Figure 4. Discharge diagnosis (expressed both as raw number and %) of patients abusing prescription drugs.

Discussion

Our study evaluated the use of prescription drugs among a sample of clubbers, who were mainly composed of young subjects (more than 50% of the participants being aged under 30) with a medium-high socioeconomic status. Many subjects (40%) reported the use of prescription drugs. Therefore, our results show that such use is not only limited to subjects with psychiatric disorders and co-occurring SUD but can also involve subjects who are usually not considered as typical psychoactive substance users. This data pave the way for serious considerations on the possible pharmacological interactions with alcohol and other substances, as well as on other short- and long-term consequences, both physical and psychiatric. As users may concomitantly consume various prescription drugs and substances of abuse, an increased risk of drug–drug interactions may be observed, both pharmacokinetic (e.g., between prescription opioids and heroin) and pharmacodynamic (e.g., between opioids of abuse and benzodiazepines or other CNS sedative drugs) (41). This involves not only depressors, such as benzodiazepines, opioids, and alcohol, but also stimulant drugs commonly used by clubbers. For example, metabolic pathways of synthetic cathinones, antidepressants, and ADHD medications have been shown to overlap, including metabolism via cytochrome P450 enzymes and their inhibition (42).

Benzodiazepines were the most prevalent class of prescription drugs reported in our sample. This result may be explained by the use of benzodiazepines as a “trip terminator” to calm down the strong experience caused by the use of multiple substances. This confirms the data from Messina et al. (10), who showed that benzodiazepines and atypical antipsychotics are often used by club goers to counteract the effects of psychostimulant drugs, such as cocaine or MDMA. In terms of preventive strategies, the use of benzodiazepines in the context of a multiple substance use could be dangerous as it causes respiratory depression and risk of overdoses, specifically in combination with opiates, alcohol, ketamine and derivatives, and inhalants (18, 43, 44). Specific policies and harm-reduction approaches should be advised for these potentially lethal combinations, particularly with the intake of large amounts of long half-life compounds, such as diazepam. Furthermore, a number of novel designer benzodiazepines, with undisclosed toxicological profiles and variable potencies, have recently been made available in the drug market. They are developed in order to mimic prescription benzodiazepines and Z-drugs, but they may lead users to adverse events of various severities, particularly if used in combination with other substances (4, 45, 46).

Among the different categories of substances, psychodepressors were the most commonly associated with the use of prescription drugs, whereas only a small percentage of psychodysleptic users reported such habit. The typology of subject using psychodysleptics such as LSD, psilocybin, MDMA, ayahuasca, and other plants, is characterized by the search for a strong inner experience, spirituality, and high level of emotionality (47, 48). The use of benzodiazepines and antipsychotics can inhibit or temper the perception of these experiences and therefore may not be chosen by users. With regard to antidepressants, which can determine affective blunting and enhance the distance from emotional experiences, the same consideration can be reported.
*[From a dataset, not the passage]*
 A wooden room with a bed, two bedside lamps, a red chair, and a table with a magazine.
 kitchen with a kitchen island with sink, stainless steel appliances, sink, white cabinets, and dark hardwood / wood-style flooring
Interestingly, patients who disclosed prescription drug misuse tended to report higher scores in HAM-D and HAM-A Somatic Anxiety. This finding emphasizes how those patients are the most vulnerable in terms of psychopathological load. In this regard, those who report taking prescription drugs may actually be the subjects with a psychiatric history. A prescription drug may have already been tested for therapeutic purposes and therefore may have made the patient more accustomed to its use out of indication. Moreover, the high level of depression is an issue that needs to be considered and can represent a significant suicidal risk factor in people who misuse alcohol and psychoactive substances. In fact, the use of psychotropics can represent an additional risk factor, given the possibility of a consistent increase in the levels of impulsivity, violence, and self-directed aggression due to such drugs. Therefore, it is very relevant to evaluate these patients and to put specific strategies in place to manage these psychopathological manifestations, with a specific focus on the prevention of anti-conservative behaviors.
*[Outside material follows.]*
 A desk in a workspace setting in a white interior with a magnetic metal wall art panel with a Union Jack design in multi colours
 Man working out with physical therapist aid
A further point of interest, although expected, is the presence of high levels of depressive symptoms on the Hamilton scale in relation to the use of antidepressants without a specific medical prescription. This fact suggests how sometimes the use of prescription drugs may be related not only to the goal to “get high” or to the management of an intoxication but also to the self-medication need of patients who perceive a sub-leveling of their mood. For this reason, a shared strategy could be justified, even more than in other types of patients with dual disorders. Conversely, methylphenidate use was associated with lower scores at the Hamilton depression scale. This prescription drug with stimulant properties (49, 50), usually indicated for attention deficit hyperactivity disorder, can probably be chosen by users of psychostimulants as a cheaper alternative to cocaine and amphetamine. In the short run, it could also show some antidepressant properties, thus explaining the data observed at the HAM-D. The detection of methylphenidate among the prescription drugs reported in our sample may indicate some level of comorbidity between adult ADHD and SUD, as recently reported (51).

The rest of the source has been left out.